Addictive relationships are confused with "love" By
Tom O'Connell Addictive
relationships, all too often, are confused with "love." The
result? Serious problems. An example of sexual addiction can be found in
Albert Camus' story "The Fall." The
central character says, "My relationship with women was natural,
free, easy, as the saying goes....I made use of them more often than I
served them." Right away we learn that the man is interested only
in his own satisfaction. But lasting satisfaction doesn't come with
addiction. "True love is exceptional--two or three times a century,
more or less.

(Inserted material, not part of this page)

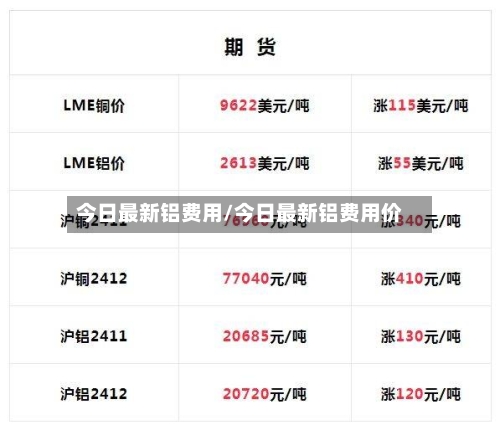 今日最新铝费用/今日最新铝费用价-第3张图片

The rest of the time there is vanity or boredom." Describing
his past, he admits, "Sensuality alone dominated my love life. I
looked merely for objects of pleasure and conquest....my sensuality was
so real that even for a ten-minute adventure I'd have disowned father
and mother." Thinking
of sensuality as a game, he says, "I played the game...I often
changed parts, but it was always the same play...As a result of not
being romantic, I gave romance something to work on...I believed what I
said; I was living my part." He
equates his womanizing to gambling. "You see, I can't endure being
bored and appreciate only diversions in life. Any society, however
brilliant, soon crushes me, whereas I have never been bored with the
women I liked. It hurts me to confess it, but I'd have given ten
conversations with Einstein for an initial rendezvous with a pretty
chorus girl." Enough
to get the picture across? Where's the relating? To "relate,"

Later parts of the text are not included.